この所得判定において、障害年金や遺族年金などの非課税収入は含まれない点に注意が必要です。
また、所得基準額は扶養親族の人数に応じて引き上げられます。
一方で、「老齢年金生活者支援給付金」については、所得要件に加えて複数の条件を満たす必要があります。
4.1 「老齢年金生活者支援給付金」の具体的な支給要件
老齢年金生活者支援給付金は、以下の要件をすべて満たす方が支給対象となります。
- 65歳以上で老齢基礎年金を受給していること
- 同一世帯の全員が市町村民税非課税であること
- 前年の公的年金などの収入金額とその他の所得(給与所得や利子所得など)の合計額が、昭和31年4月2日以降に生まれた方は80万9000円以下、昭和31年4月1日以前に生まれた方は80万6700円以下であること
こちらの所得判定においても、障害年金や遺族年金といった非課税収入は計算に含まれません。

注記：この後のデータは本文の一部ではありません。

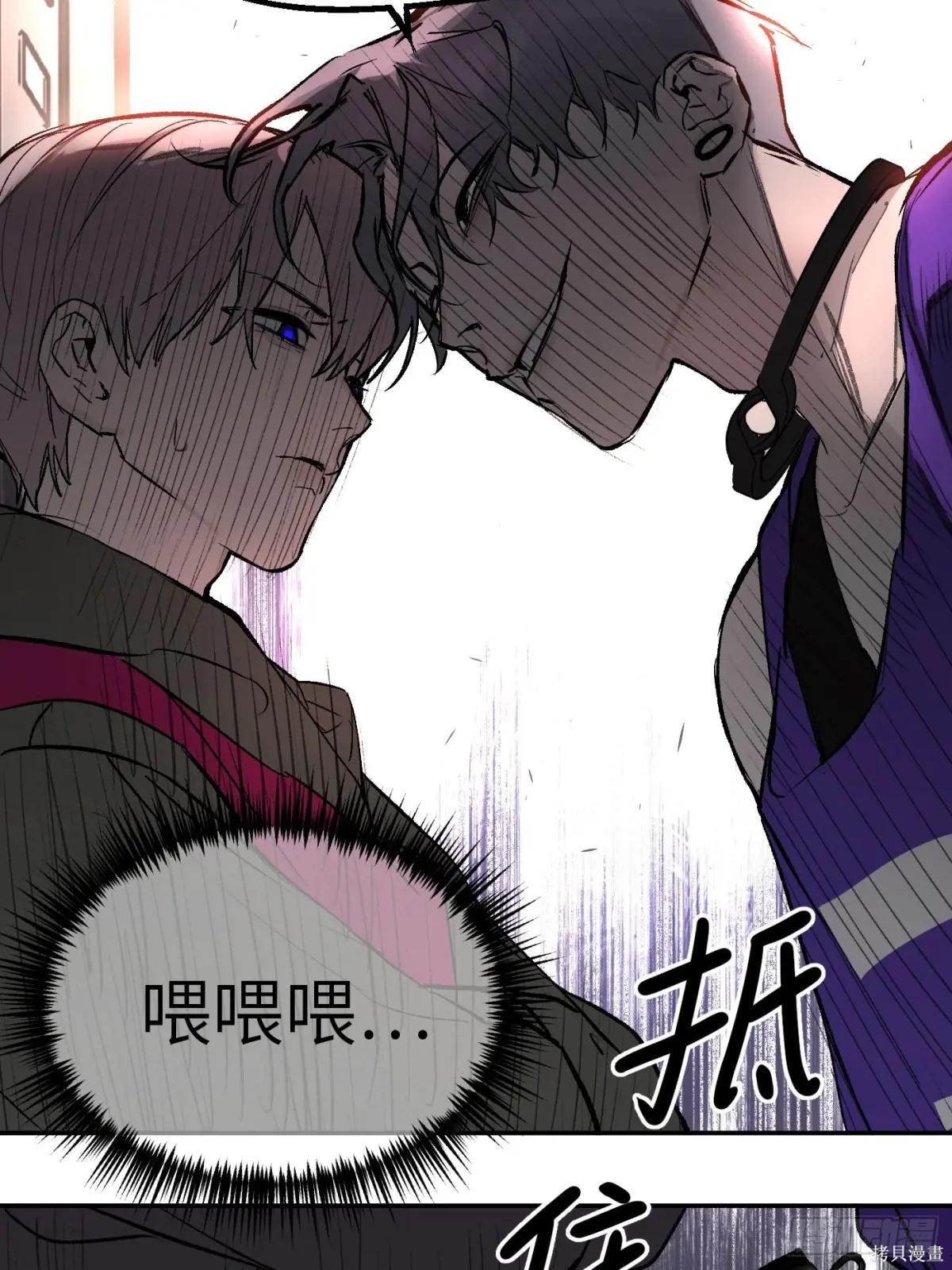 第03话 第19页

さらに、所得基準額をわずかに超える方との公平性を保つため、「補足的老齢年金生活者支援給付金」という仕組みが設けられています。
補足的老齢年金生活者支援給付金について
例えば、昭和31年4月2日以降に生まれた方で所得が80万9000円を超え90万9000円以下の場合や、昭和31年4月1日以前に生まれた方で所得が80万6700円を超え90万6700円以下の場合が対象となり、所得額に応じて支給額が段階的に調整されます。